Fuel injection devices, such as fuel injectors, fuel pumps, and the like, typically include mechanical, spring-loaded elements for pressurizing fuel. For example, and with reference to FIG. 1, some fuel injectors 10 are mechanically actuated via a rocker arm assembly 14 that moves with each rotation of an engine's cam shaft 18. The rocker arm assembly 14 moves a tappet 22 and a plunger 24 downward to pressurize fuel within a fuel cavity inside the fuel injector 10. Pressure within the fuel cavity builds until a threshold pressure is reached. Once the threshold pressure is reached, the injector 10 opens at its forward end 32 to expel pressurized fuel from the fuel cavity. As fuel is expelled, pressure within the fuel cavity decreases rapidly, causing the tappet 22 and the plunger 24 to accelerate downward. A compression spring 26 acts upon the tappet 22 and the plunger 24 to offset the downward acceleration of the tappet 22 and the plunger 24 and to return them to their pre-injection positions.
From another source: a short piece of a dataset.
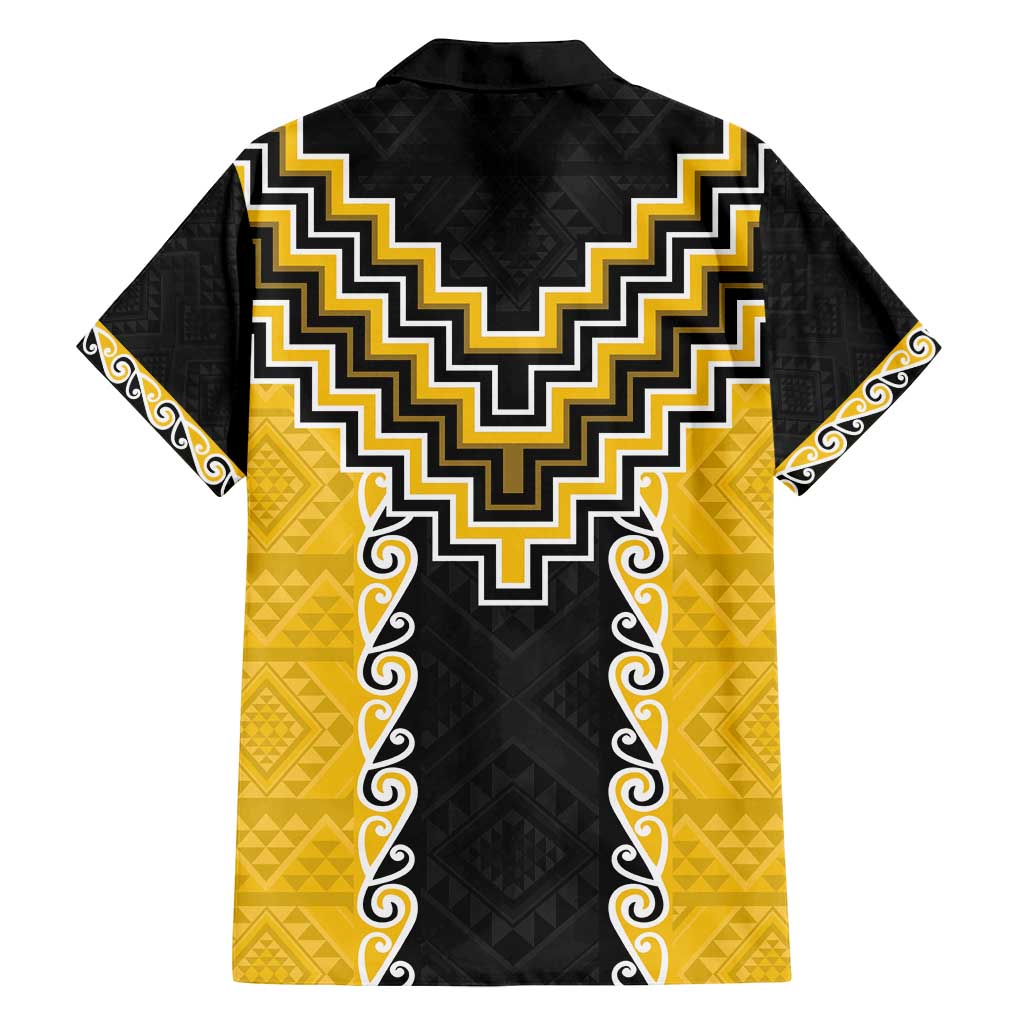 Yellow Niho Taniwha Mix Poutama Family Matching Summer Maxi Dress and Hawaiian Shirt Unique Taniko Aotearoa LT01 - Polynesian Pride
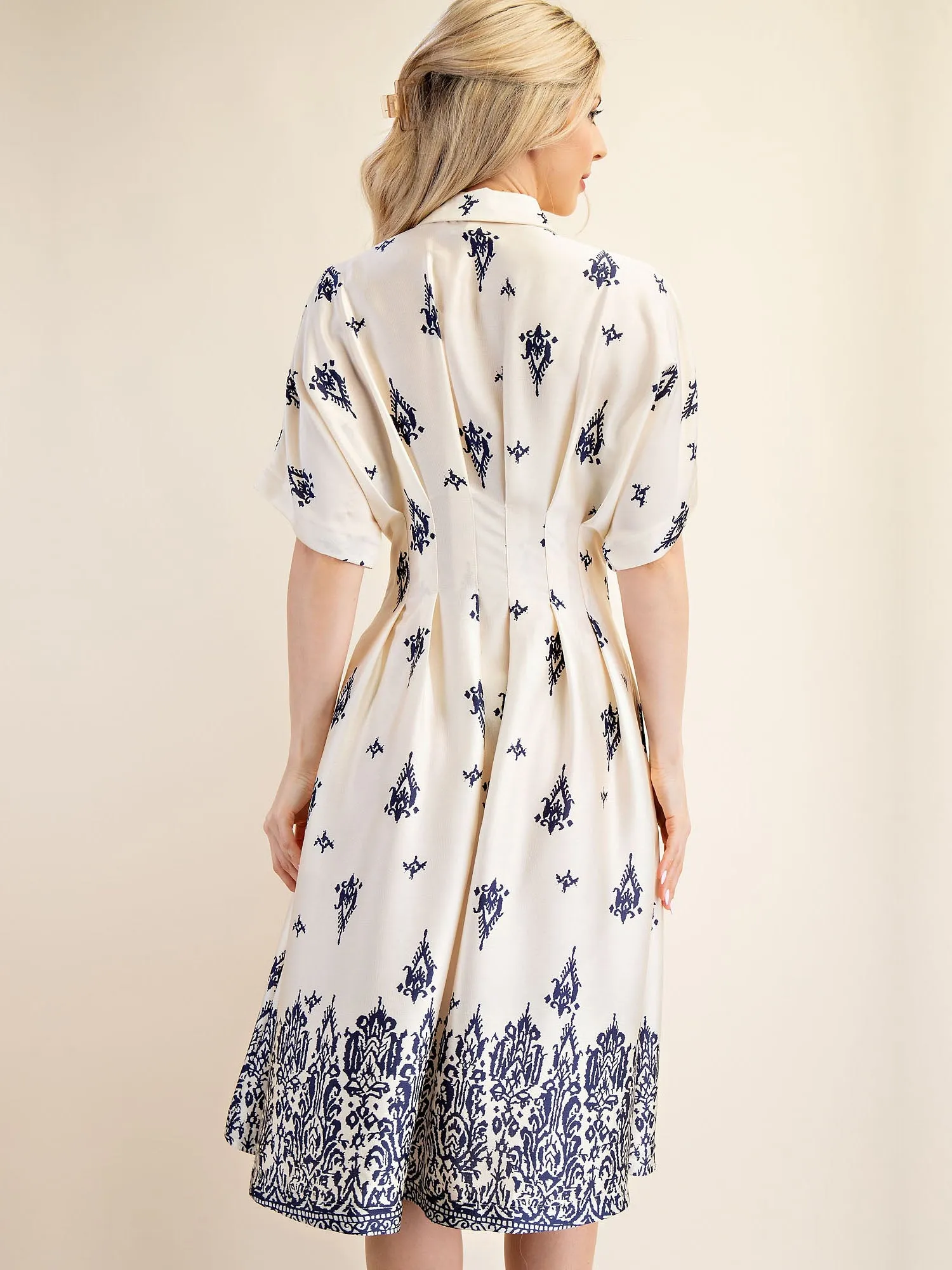 Border Print Collared Shirt Midi Dress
During operation of the fuel injector 10, the compression spring 26 is subject to dynamic loading, which can create internal oscillations in the spring 26. Such oscillations, or “surge modes”, may cause undesirable conditions within the fuel injector 10, such as increased dynamic stress within the spring 26 and clashing between adjacent spring turns 28 or between a spring tang 29 (i.e., an end turn) and an adjacent turn 28. Such conditions may ultimately cause spring failure within the fuel injector 10. Thus, prior art fuel injector devices may be improved by providing means for reducing such conditions.
The present invention is directed at overcoming one or more disadvantages associated with prior fuel injector springs.